Confluence Dump With Python

Dump Confluence pages using Python (requests) in HTML and RST format, including embedded pictures and attachments. References to downloaded files will be updated to their local relative path.

Description

Nonetheless, the refactoring will require only 2 files and accept command-line args:

myModules.py: Contains all the required functions.
confluenceDumpWithPython.py: Script to use with the following command line args:
- -m, --mode: The export mode, single, space, bylabel, pageprops (required).
  - Note: Only single, pageprops and space have been implemented so far.
- -S, --site: The Atlassian Site (required).
- -s, --space: The Space Key (if needed).
- -p, --page: The Page ID (if needed).
- -l, --label: The Page label (if needed).
- -x, --sphinx: The _images and _static folders are placed at the root of the export folder, instead of together with the exported HTML files.
- --notags: Does not add the tags directives to the rst files (when the sphinx-tags addon is not used).
updatePageLinks.py: Update online confluence links to the local files that have been downloaded so far.
- --folder: Folder containing the files to update.
- --test: Instead of overwriting the original .rst files, it will create updated ones with zout_ as a prefix.
getPageEditorVersion.py: Get the editor version from single pages or all pages in a space.
- --site: The Atlassian Site (required).
- --page: Page ID (either/or)
- --space: Space Key (either/or)

For CSS Styling, it uses the confluence.css from Confluence that can be obtained by using the Workaround described in: https://jira.atlassian.com/browse/CONFSERVER-40907. The site.css file included with Confluence UI HTML exports is not as complete as the one above.

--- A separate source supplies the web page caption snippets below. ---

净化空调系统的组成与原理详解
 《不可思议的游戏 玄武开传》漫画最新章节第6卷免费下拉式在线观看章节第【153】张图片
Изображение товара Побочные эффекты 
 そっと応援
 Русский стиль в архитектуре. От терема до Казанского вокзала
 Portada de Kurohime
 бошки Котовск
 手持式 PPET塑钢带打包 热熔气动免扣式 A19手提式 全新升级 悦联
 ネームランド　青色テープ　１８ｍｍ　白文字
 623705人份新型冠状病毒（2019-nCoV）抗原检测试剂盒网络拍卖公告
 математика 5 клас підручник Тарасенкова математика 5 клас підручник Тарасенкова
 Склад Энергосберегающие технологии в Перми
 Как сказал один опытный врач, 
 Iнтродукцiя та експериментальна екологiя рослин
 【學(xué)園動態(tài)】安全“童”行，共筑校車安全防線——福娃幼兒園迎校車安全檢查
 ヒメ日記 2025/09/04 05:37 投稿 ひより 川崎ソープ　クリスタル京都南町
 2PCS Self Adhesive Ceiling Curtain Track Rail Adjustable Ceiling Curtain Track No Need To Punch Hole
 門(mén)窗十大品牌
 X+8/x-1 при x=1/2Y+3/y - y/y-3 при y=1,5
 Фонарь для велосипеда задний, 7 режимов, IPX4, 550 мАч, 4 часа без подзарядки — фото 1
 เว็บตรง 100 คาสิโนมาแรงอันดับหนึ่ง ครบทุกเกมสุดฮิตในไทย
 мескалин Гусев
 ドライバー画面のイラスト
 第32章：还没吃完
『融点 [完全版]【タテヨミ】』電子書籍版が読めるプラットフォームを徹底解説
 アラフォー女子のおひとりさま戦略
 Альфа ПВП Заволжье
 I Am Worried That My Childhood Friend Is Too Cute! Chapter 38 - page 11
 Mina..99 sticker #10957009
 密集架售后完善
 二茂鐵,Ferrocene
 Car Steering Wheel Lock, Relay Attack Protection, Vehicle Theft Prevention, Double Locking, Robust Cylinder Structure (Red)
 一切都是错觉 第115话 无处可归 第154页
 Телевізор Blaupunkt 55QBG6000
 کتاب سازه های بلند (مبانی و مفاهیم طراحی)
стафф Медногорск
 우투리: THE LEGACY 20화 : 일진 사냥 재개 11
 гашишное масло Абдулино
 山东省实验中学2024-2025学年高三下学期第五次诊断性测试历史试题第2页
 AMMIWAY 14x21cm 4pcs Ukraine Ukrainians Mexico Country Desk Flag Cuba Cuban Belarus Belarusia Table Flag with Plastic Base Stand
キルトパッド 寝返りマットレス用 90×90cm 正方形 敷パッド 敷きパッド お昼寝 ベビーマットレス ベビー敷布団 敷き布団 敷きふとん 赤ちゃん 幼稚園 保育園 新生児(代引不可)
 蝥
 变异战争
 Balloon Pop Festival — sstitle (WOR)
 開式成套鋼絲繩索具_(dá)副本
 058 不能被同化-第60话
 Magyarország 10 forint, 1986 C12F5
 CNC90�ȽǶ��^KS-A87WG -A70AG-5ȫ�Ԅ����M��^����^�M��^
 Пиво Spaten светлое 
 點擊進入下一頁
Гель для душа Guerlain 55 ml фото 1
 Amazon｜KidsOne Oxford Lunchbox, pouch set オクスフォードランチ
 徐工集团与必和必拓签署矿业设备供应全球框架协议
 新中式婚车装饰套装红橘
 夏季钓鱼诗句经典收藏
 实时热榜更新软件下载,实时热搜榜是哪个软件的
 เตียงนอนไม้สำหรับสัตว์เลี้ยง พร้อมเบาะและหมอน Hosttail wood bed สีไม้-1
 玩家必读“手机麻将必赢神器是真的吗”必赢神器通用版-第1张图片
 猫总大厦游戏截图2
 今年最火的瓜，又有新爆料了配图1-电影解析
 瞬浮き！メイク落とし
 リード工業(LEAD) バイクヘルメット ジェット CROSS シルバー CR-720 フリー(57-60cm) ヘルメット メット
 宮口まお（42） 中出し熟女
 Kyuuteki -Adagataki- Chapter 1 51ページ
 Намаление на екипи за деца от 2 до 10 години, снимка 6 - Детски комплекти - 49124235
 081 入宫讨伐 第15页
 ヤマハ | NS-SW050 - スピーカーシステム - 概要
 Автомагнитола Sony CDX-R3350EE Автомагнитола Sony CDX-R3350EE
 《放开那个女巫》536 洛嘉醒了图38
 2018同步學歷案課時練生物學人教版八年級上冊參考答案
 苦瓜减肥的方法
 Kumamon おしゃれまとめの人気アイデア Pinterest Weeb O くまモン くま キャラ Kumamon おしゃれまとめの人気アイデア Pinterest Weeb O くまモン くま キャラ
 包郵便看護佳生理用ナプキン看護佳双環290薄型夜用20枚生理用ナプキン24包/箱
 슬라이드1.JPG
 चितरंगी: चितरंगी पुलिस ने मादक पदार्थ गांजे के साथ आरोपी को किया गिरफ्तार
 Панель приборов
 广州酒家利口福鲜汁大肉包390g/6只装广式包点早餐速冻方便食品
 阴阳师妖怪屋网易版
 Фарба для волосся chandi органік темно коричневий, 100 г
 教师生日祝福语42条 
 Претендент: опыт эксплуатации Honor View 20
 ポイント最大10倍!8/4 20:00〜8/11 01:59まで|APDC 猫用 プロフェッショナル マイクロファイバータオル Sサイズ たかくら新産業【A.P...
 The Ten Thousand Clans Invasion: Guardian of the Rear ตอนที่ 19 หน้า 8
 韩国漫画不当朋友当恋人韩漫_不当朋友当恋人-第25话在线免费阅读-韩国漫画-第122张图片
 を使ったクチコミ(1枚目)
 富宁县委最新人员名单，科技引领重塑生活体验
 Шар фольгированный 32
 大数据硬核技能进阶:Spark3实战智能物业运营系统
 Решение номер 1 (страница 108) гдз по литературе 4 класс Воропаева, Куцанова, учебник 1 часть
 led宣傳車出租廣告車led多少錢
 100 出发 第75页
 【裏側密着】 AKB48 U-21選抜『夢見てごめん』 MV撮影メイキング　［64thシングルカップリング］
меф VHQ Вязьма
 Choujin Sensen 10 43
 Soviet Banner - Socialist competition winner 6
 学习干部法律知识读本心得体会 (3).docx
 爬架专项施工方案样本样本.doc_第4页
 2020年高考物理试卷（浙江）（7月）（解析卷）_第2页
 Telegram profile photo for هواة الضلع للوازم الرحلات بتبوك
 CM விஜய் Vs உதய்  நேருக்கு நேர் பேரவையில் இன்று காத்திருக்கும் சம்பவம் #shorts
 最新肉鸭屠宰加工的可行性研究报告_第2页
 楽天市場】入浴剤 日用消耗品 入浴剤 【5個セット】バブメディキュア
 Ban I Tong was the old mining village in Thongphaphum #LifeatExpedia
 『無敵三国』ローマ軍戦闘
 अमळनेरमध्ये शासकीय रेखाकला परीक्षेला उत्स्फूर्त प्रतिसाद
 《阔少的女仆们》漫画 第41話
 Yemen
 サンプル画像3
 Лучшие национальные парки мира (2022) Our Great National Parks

Folder and file structure:

The default output folder is output/ under the same path as the script.
A folder with the Space name, Page Properties report page, single page name or Page Label name will be created under the output folder.
By default, the _images/ and _static/ folders will be placed in the page|space|pageprops|label folder.
- The --sphinx command line option will put those folder directly under the output folder
The file styles/confluence.css will be copied into the defined _static/

What it does

Leverages the Confluence Cloud API
Puts Confluence meta data like Page ID and Page Labels, in the HTML headers and RST fields.
beautifulsoup is used to parse HTML to get and update content, ie. change remote links to local links.
Download for every page, all attachments, emoticons and embedded files.

Requirements

declare system variables:
- atlassianAPIToken
- atlassianUserEmail

Dependencies

python3
- requests
- beautifulsoup4
- Pillow (handle images)
- pandoc & pypandoc (convert to RST)
- re

Installing

Clone repo.
Install dependencies.
Declare system variables for Atlassian API Token.

Executing program

How to download a single page based on its ID.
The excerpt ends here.